The watchdog’s intervention follows HSJ’s revelations that the government changed the way it counted the number of covid-19 tests in order to hit its target of 100,000 tests per day by the end of April.
UKSA Sir David Norgrove on Monday wrote to health and social care secretary Matt Hancock to outline the concerns.
The letter said: “We urge government to update the covid-19 national testing strategy to show more clearly how targets are being defined, measured and reported.”
Lost in a black hole
Data from tens of thousands of tests carried out outside the NHS has “disappeared into a black hole” due to a technical error.
Trusts had only been receiving data from NHS lab tests, which make up less than half of total tests now being carried out.
An internal email, seen by HSJ, said no new national testing programme data had been reported since the start of last week.
The Department of Health and Social Care said the error had been fixed but the data fault made it harder for NHS organisations to respond to the spread of covid-19 in their areas.
No stock answers
NHS procurement teams are confused and concerned by the suspension of a host of intensive care consumables from NHS Supply Chain’s online catalogue.
They must now contact an NHSE/I “clinical consumables group lead” to order the products – a position many haven’t heard of.
As well as adding to the myriad supply routes procurement teams are currently juggling, this new system raises some big questions about the supply of these products. Are stocks running low, and if so, how low? Have suppliers issued stock warnings? Why, weeks after the critical care peak, are these products now being restricted? And what will this mean for restarting business as usual care?
The patient 1,000
It may be some time before we have solid data on how the health service changed during the peak of the covid-19 response in April, including its impact on elective care.

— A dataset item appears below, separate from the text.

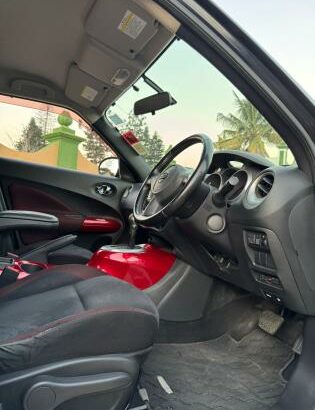 NISSAN | JUKE | 2011 | AUTOMÁTICO | 1.5 🎁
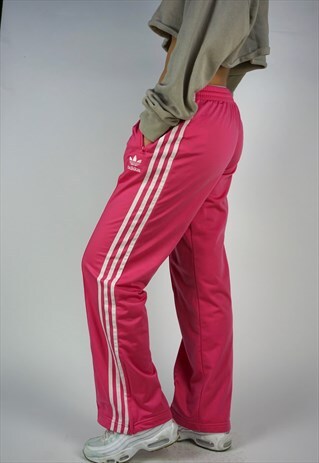 VINTAGE 90'S ADIDAS TRACK PANTS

However, HSJ analysis suggests up to 10,000 people may be waiting more than a year for elective treatment as a result of the pandemic. At the end of March 7,364 patients were waiting 48-52 weeks for treatment, on top of 3,097 already waiting a year.
With the slowdown and eventual suspension of non-urgent electives, it therefore seems the number of year-plus waiters could have passed 10,000.
Against all odds
There are few good things to come out of the covid-19 crisis but perhaps one has been a significant improvement in ambulance response times.

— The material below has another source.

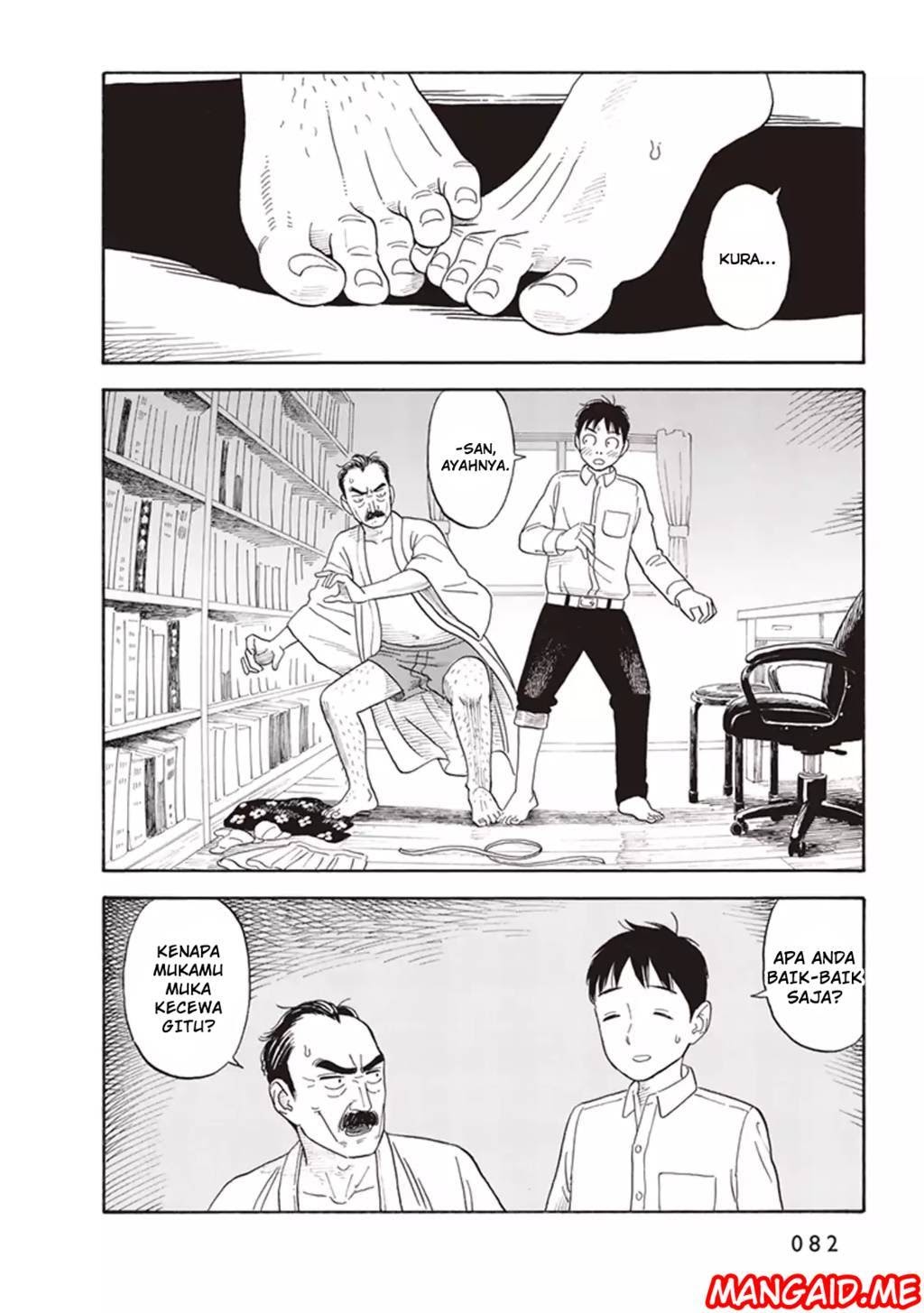 Kanojo wa Otou-san Chapter 3 page 12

March was horrendous for many ambulance services – especially London Ambulance Service Trust – and performance against the key category 2 response time was the worst ever at more than 32 minutes (the target is 18).
But ambulance services have pulled out all the stops since then. Many have taken on extra staff (including final year paramedic students), enlisted help from the military and firefighters, and asked previous employees to come back: all of this has helped to mitigate the impact of widespread staff sickness.
This work has paid off. The number of incidents that ambulance services had to deal with in April was down 9 per cent on March (and slightly down on April last year) but performance has been transformed. Against categories two, three and four response times were the best since the current system of categories was introduced.